No sabemos el nombre, la nacionalidad, ni su estado civil; pero sí sabemos que tiene una escayola en el brazo derecho (¿o izquierdo?... no estoy segura ... habrá que seguir el curso de la investigación)
Lo he visto varias veces por mi barrio, pasea su perro blanco y usa unas gafas grandes; y yo pienso que no cualquiera puede llevar unas gafas grandes.
Como tiene un brazo inhabilitado, lo veo siempre haciendo piernas: prensa, cuádriceps, abductores.
El otro día se golpeó sin querer (¿sin querer?) con mi máquina y le pedí perdón mirándolo muy rápidamente porque me parecía todo muy obvio (de lo más cinematográfico que me había pasado hace rato)

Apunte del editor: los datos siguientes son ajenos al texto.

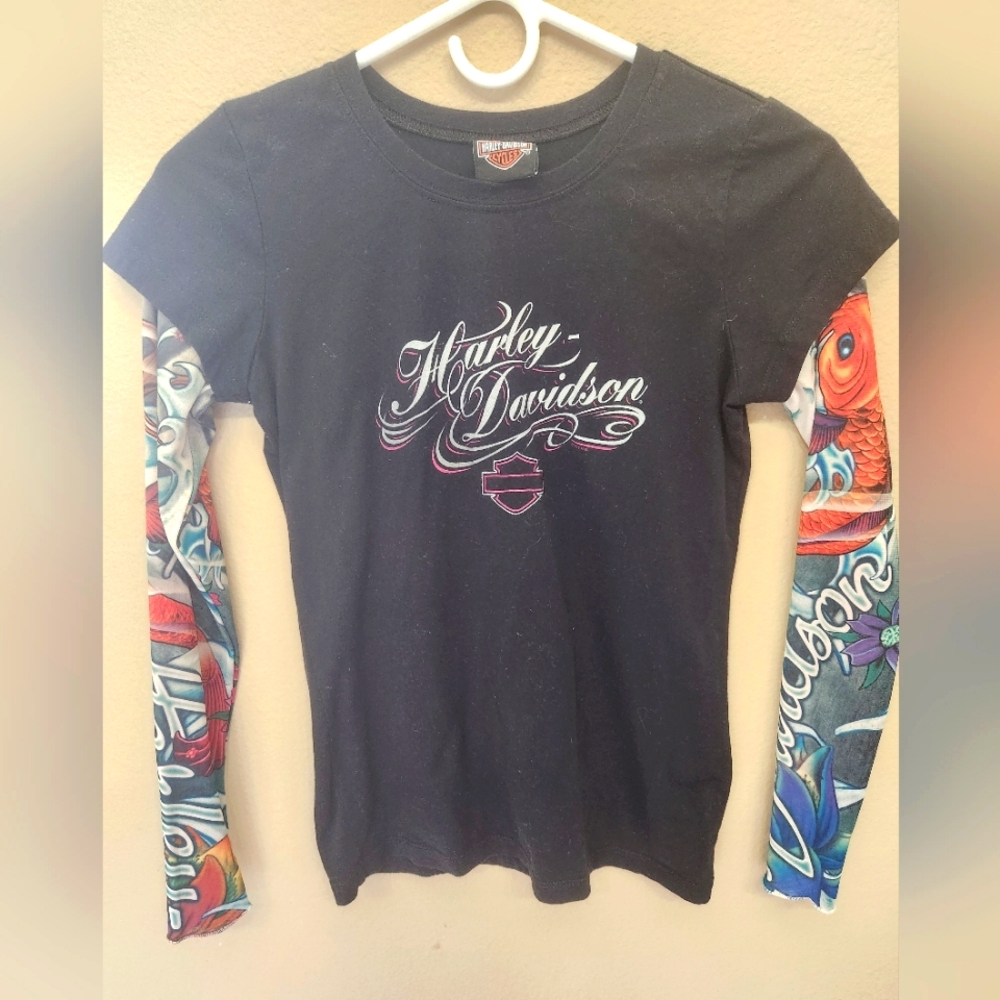 Harley Davidson tattoo sleeve shirt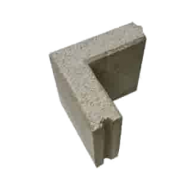 Opsluitband hoekstuk 7x40cm Grijs
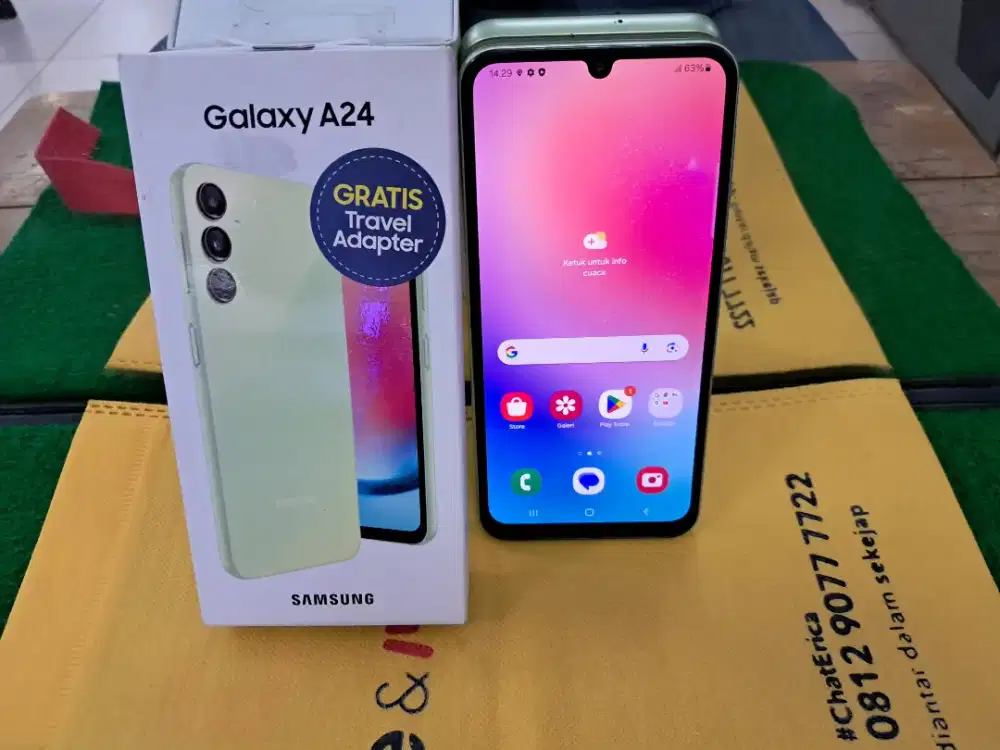 Samsung A24 Ram 8/128 gb lengkap mulus no minus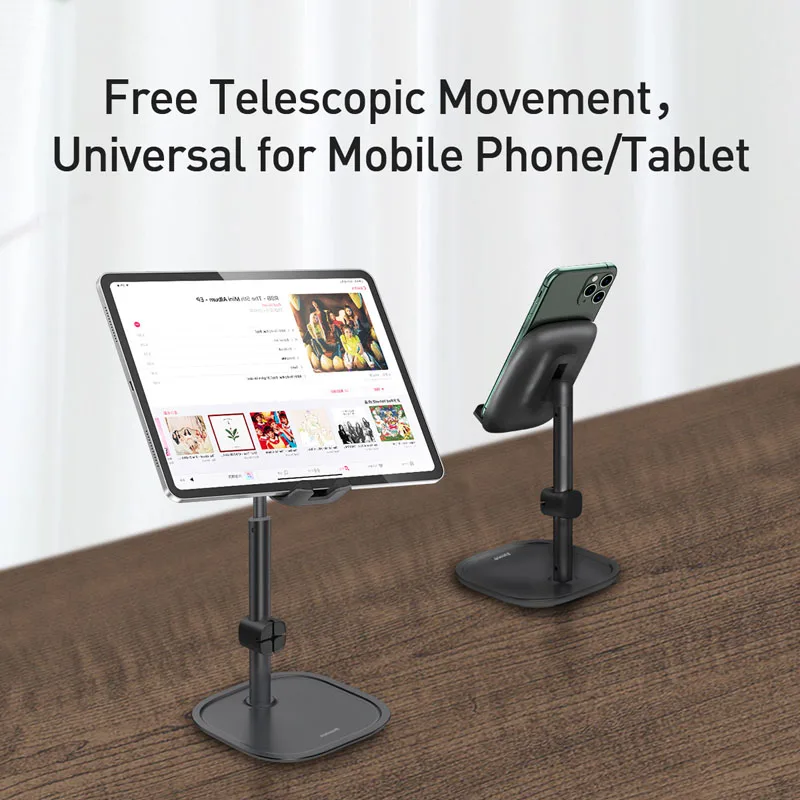 baseus phone holder for iphone 11 11 pro x xs xr android huawei 360 degree rotating laptop holder universal desktop stand free global shipping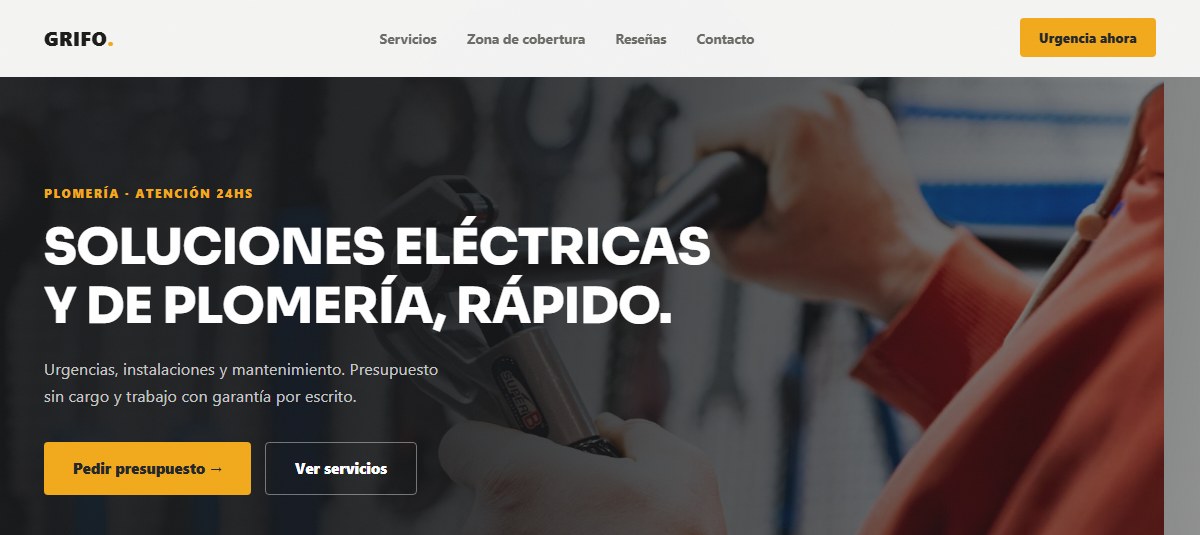 Captura de la demo para Plomeros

Cuando subí a la piscina de arriba lo vi meterse al agua y me divirtió meterme de nuevo en la peli donde yo elegía una tumbona enfrente suyo para que, entre página y página de mi malísimo libro de Murakami, pudiera echarle un ojo a él.
No pasó nada, pero hacía mucho que no me divertía con el sentimiento de tener un crush platónico.
Es que al final la fantasía nos hace calentar la sangre.
Y también puede motivarnos a ponerle más peso a nuestras búlgaras.